70年代の曲はすべて後追いなので、楽曲が世に送り出された当時のシーンと絡めることができないぶん、薄っぺらな回顧になるかもしれませんが、いってみたいと思います。今回はホール&オーツの初期の名曲です。
80年代の大活躍はあまりにも有名な二人。当時は来日公演の模様がよくテレビやFMで紹介されていましたが、リアルタイムのヒット曲もさることながら、この「She’s Gone」のような古い曲も魅力的でした。

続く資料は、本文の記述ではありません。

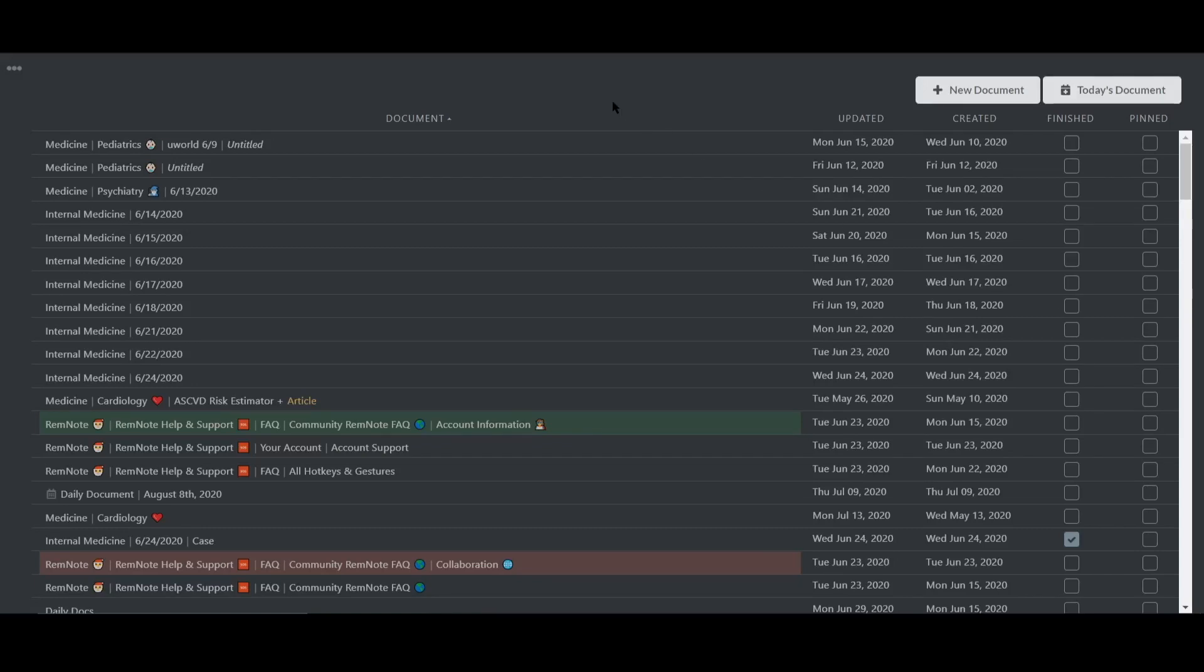In this video, I'll be demonstrating a workflow using RemNote with all the features we've discussed in Level 1. It's a basic workflow, but very efficient for someone just starting out with RemNote.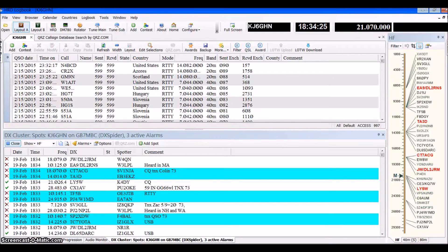Good afternoon, this is Kilo Juliet 6 Golf Hotel November. Today we're going to work on exporting your logs via ADIF and then importing them and uploading them into QRZ, EQSL, and Club Log.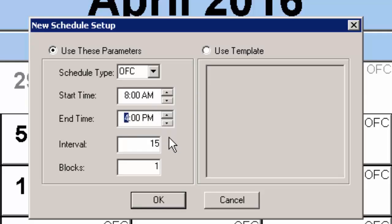Next, you can choose an interval, or the number of minutes each time slot should consist of. Then you can select the number of blocks, which is the number of appointments that you can schedule for a time slot without overbooking.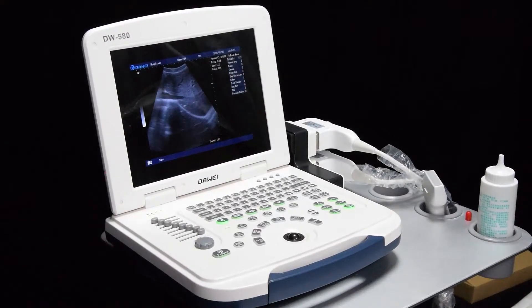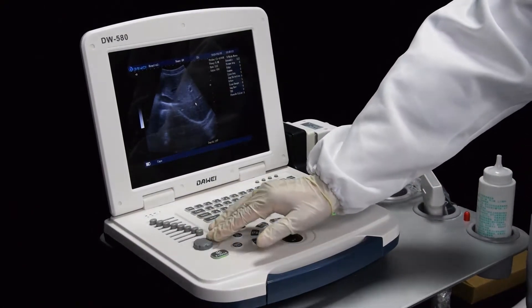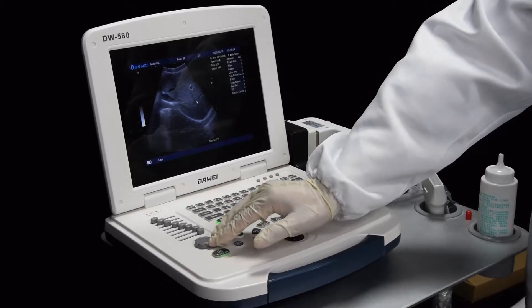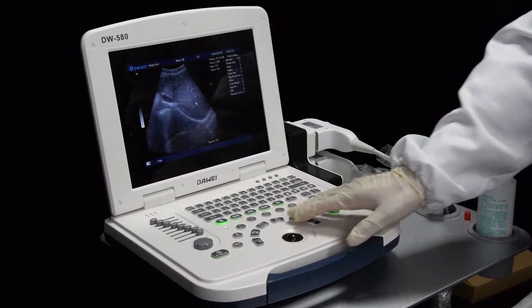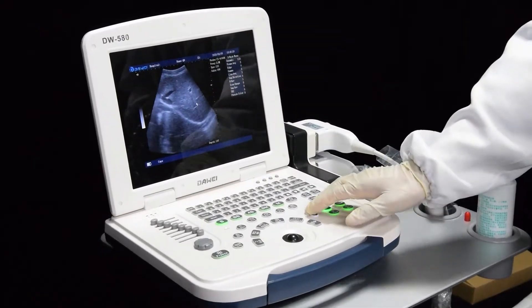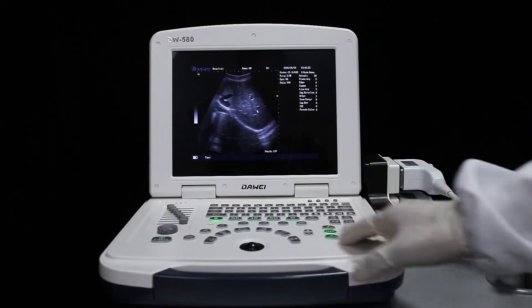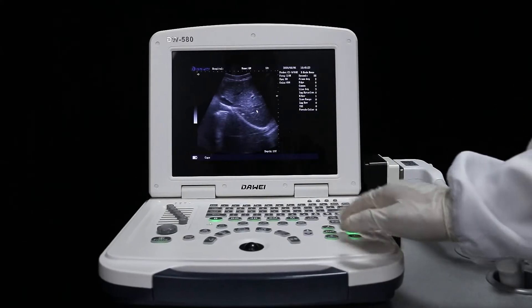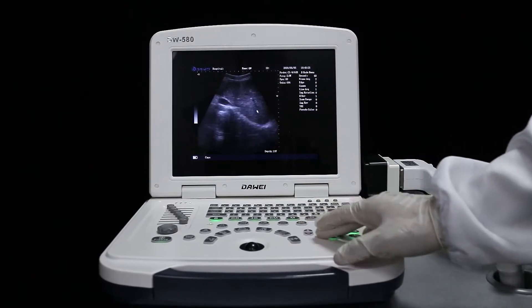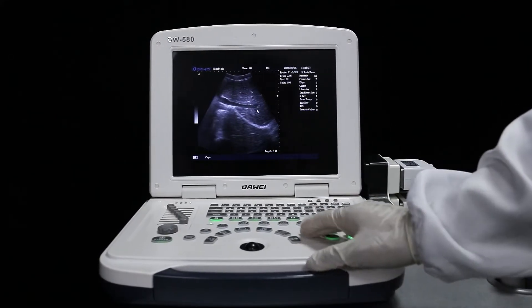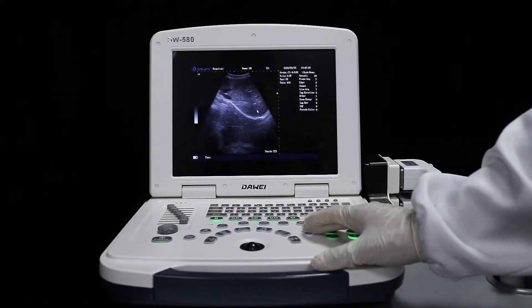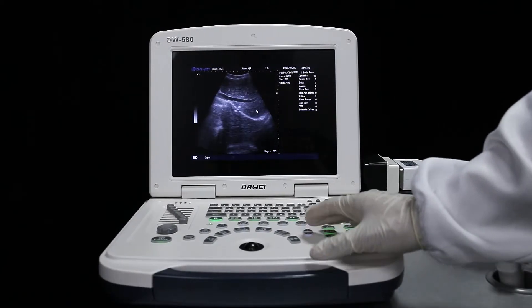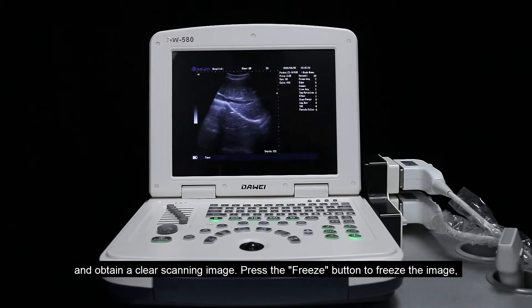Adjust the gain, frequency, dynamic range, and other parameters to obtain a clear scanning image.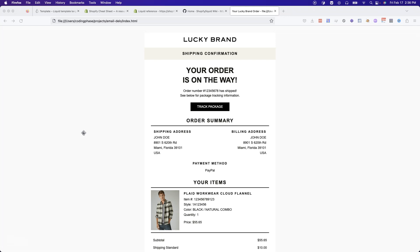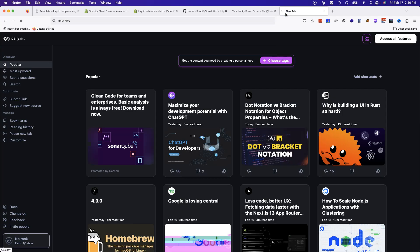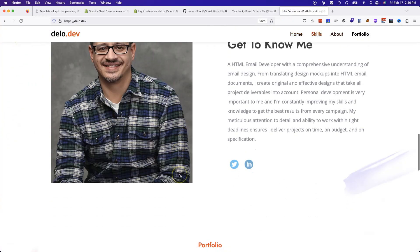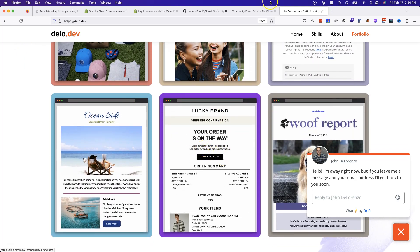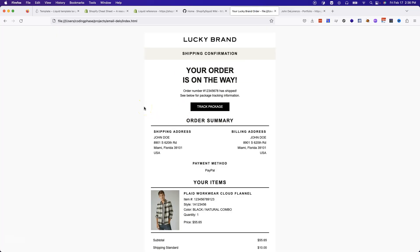But before we get to the Shopify section, I know some of you guys are going to try to skip this — but don't skip it. I want to challenge you guys to do this email project to really test whether you understood how to use Liquid. So what I'm going to do is provide you guys with this file. Shout out to my boy John DeLorenzo. Go check him out and follow him. Thank you for allowing me to share your email inside of this course.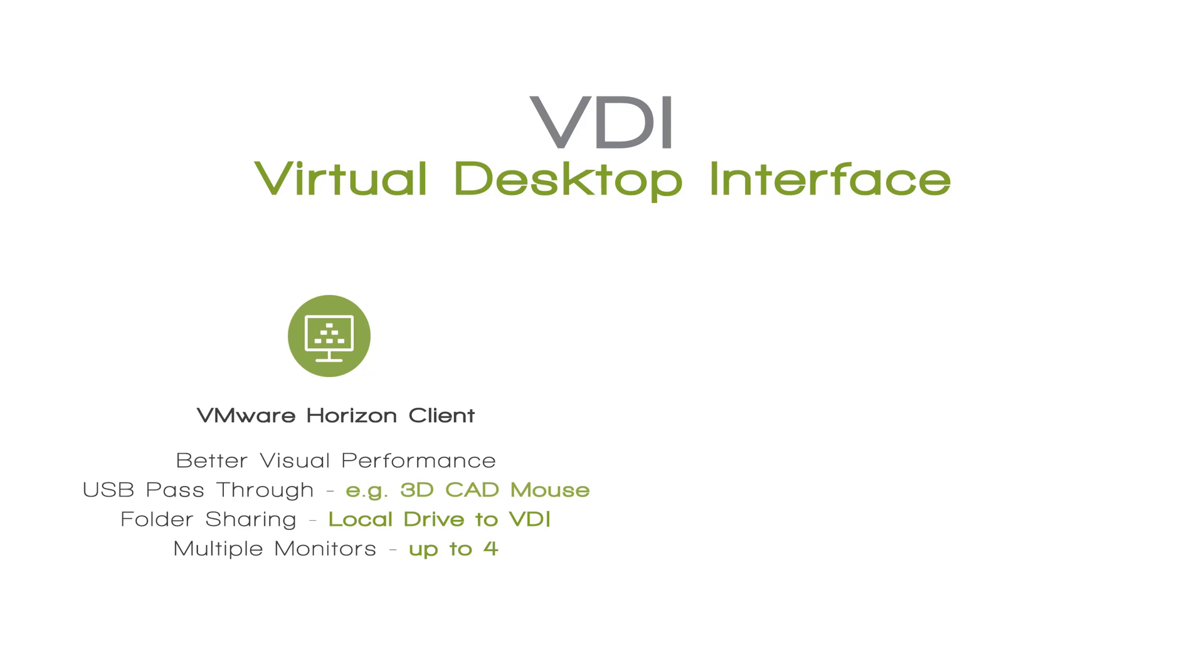You have better visual performance, you have USB passthrough e.g. 3D CAD mouse or a printer or something along those lines. You have folder sharing which allows you to drag and drop files between your local drive and the VDI or vice versa, and you have support for up to four monitors.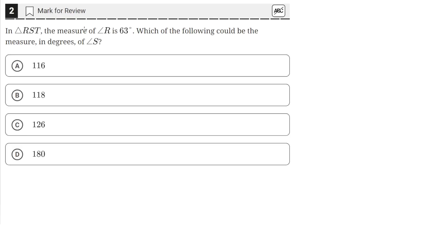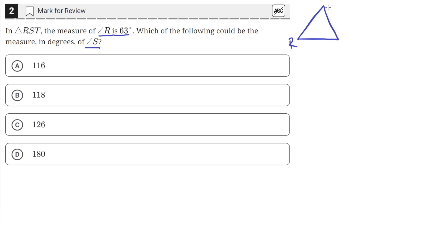In triangle RST, the measure of angle R is 63 degrees. Which of the following could be the measure in degrees of angle S? So we have triangle RST — it could look something like this — and we're given that the measure of angle R is 63 degrees, and we need to see which one of these four answer choices could be the measure of angle S.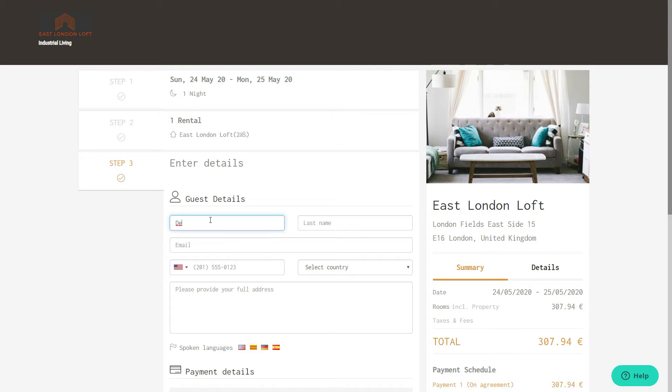To move forward with the booking, he will need to insert his personal data and credit card details directly during the checkout.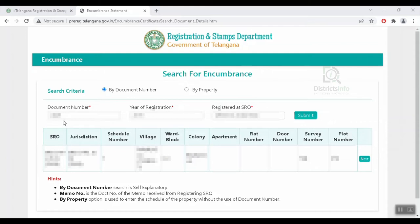I will search by document number. Enter the year of registration and the registered SRO, then click Submit. The details will open showing SRO, jurisdiction, schedule number, village, ward, colony, apartment, and flat number.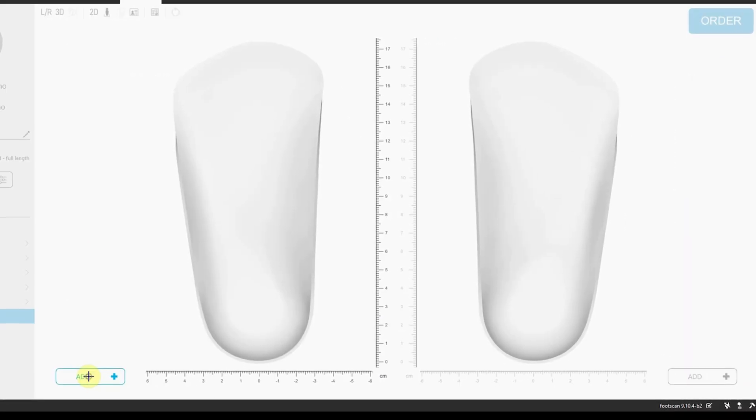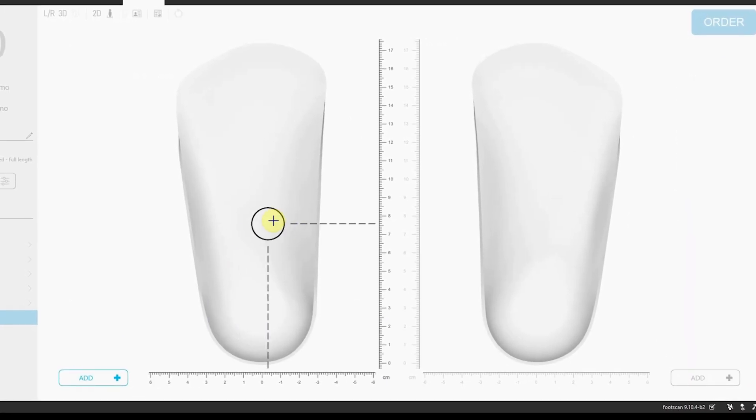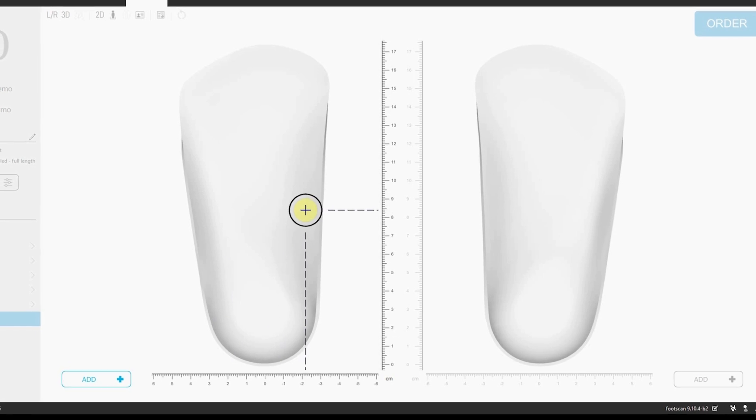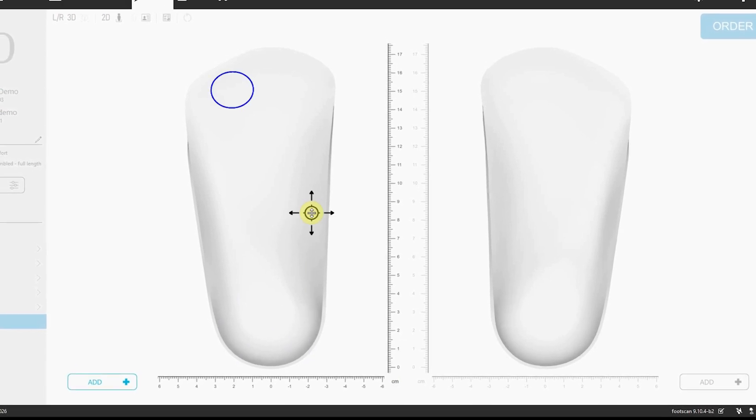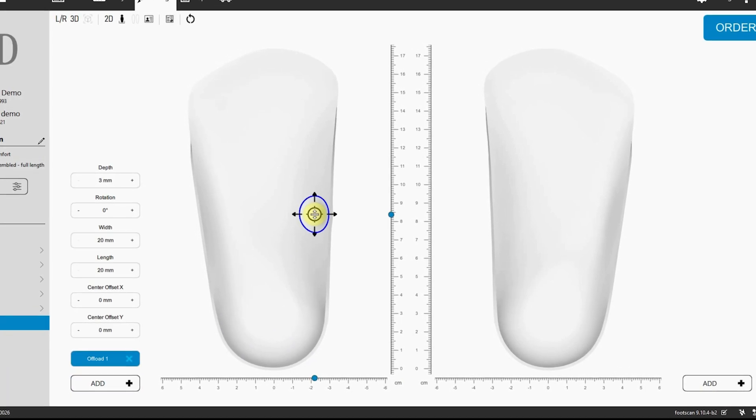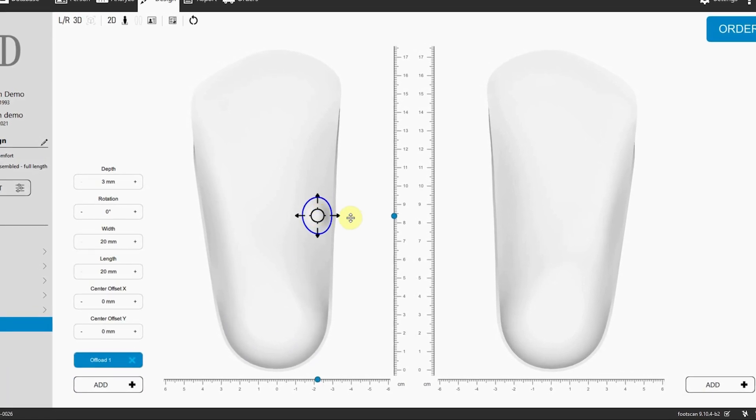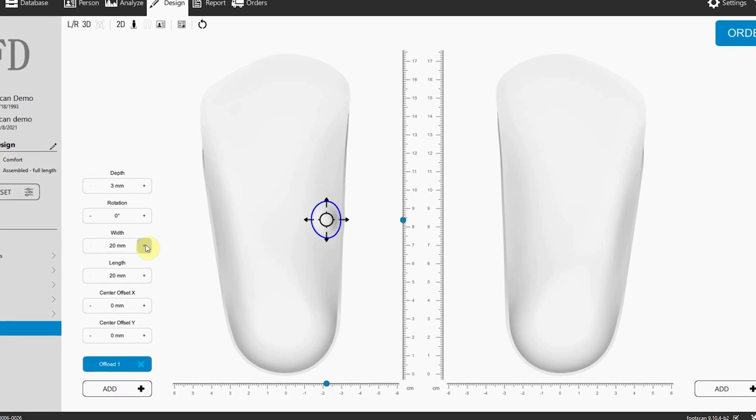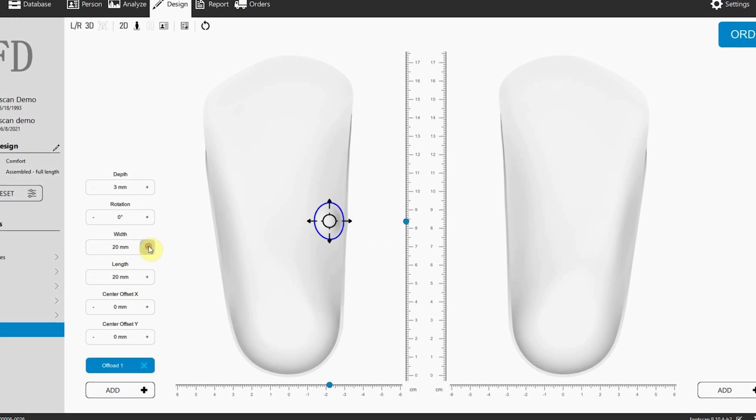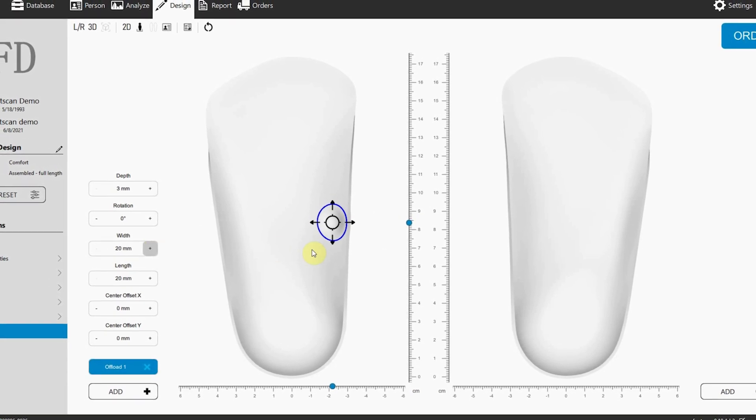Is your patient dealing with pain due to high pressure points? Do you want to offload a specific area of the foot? Our new offloading design feature allows you to relieve pressure exactly where it's needed, providing a more personalized approach to patient care.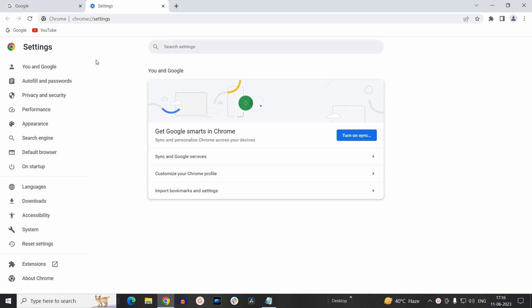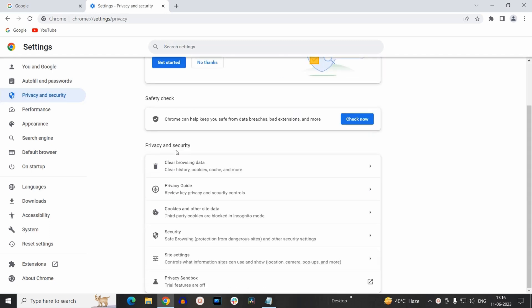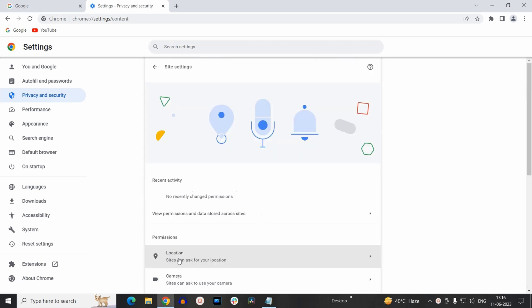Now here you need to look for Privacy and Security section, so select that section. Now inside Privacy and Security you need to look for Site Settings. Make sure you have the latest version of Chrome installed on your system, otherwise the settings might be different. So select Site Settings from here.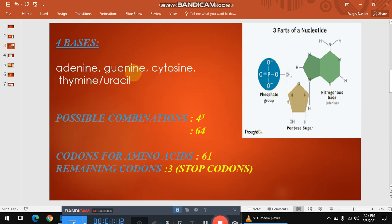There are four nitrogen bases: adenine, guanine, cytosine, and thymine in the case of DNA. While in the case of RNA, thymine is replaced with uracil.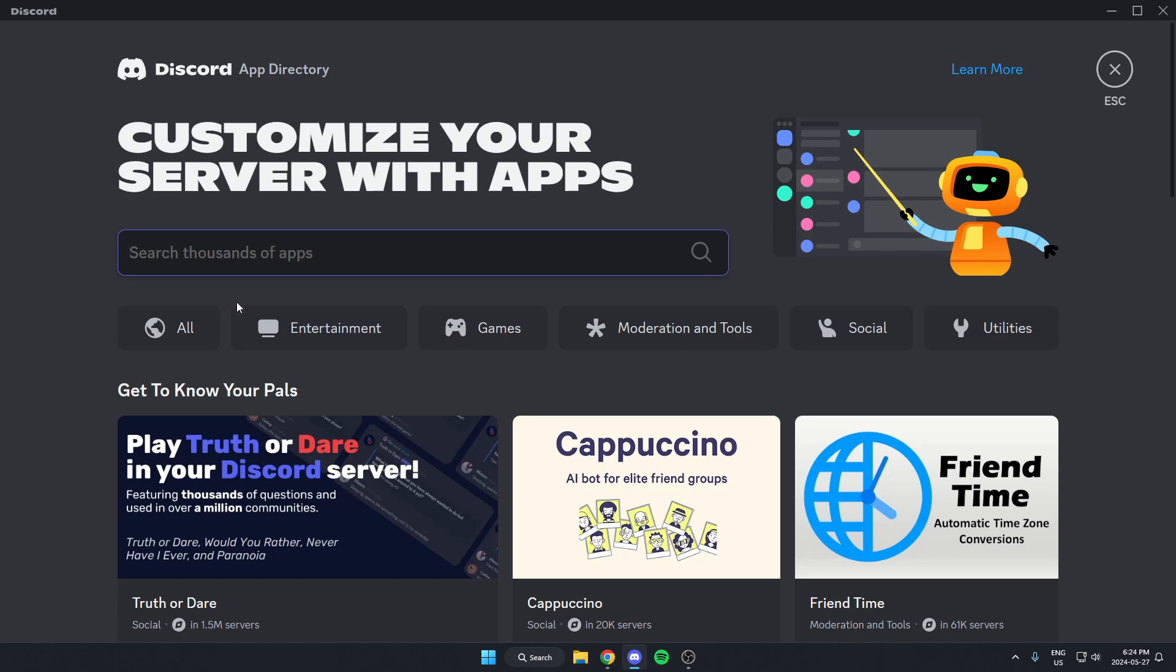Once you're in the app directory, in the search bar right here you're going to search for dino, just like how I spelled it here, then hit enter on your keyboard to search.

タイトルから察するに、別れ(恋人との?)を歌った曲っぽいのですが、夜の孤独感を感じさせるイントロに続き、歌い出しのジョン・オーツの低音とダリル・ホールのファルセットの重なり具合がいい感じです。この曲での、ダリル・ホールのヴォーカルワークは素晴らしいですね。まるで何人もいるかのような多彩な声、歌唱法を堪能できます。じわじわと盛り上がっていく終盤に、たたみかけるような二人のヴォーカルの掛け合いも聴きもの。
セカンドアルバム「Abandoned Luncheonette」(写真)からシングルカットされたこの曲は、リリース当時はまったく売れなかったようですが、次作からの「Sara smile」のヒットをきっかけに、リバイバルを果たしたとのこと。名曲にスポットが当たるのは素晴らしいことです。
それにしても、最近、80年代に親しんだ曲に胸焼け感を覚えることが多く、70年代の楽曲のほうがしっくりくるようになったのは歳のせいでしょうか。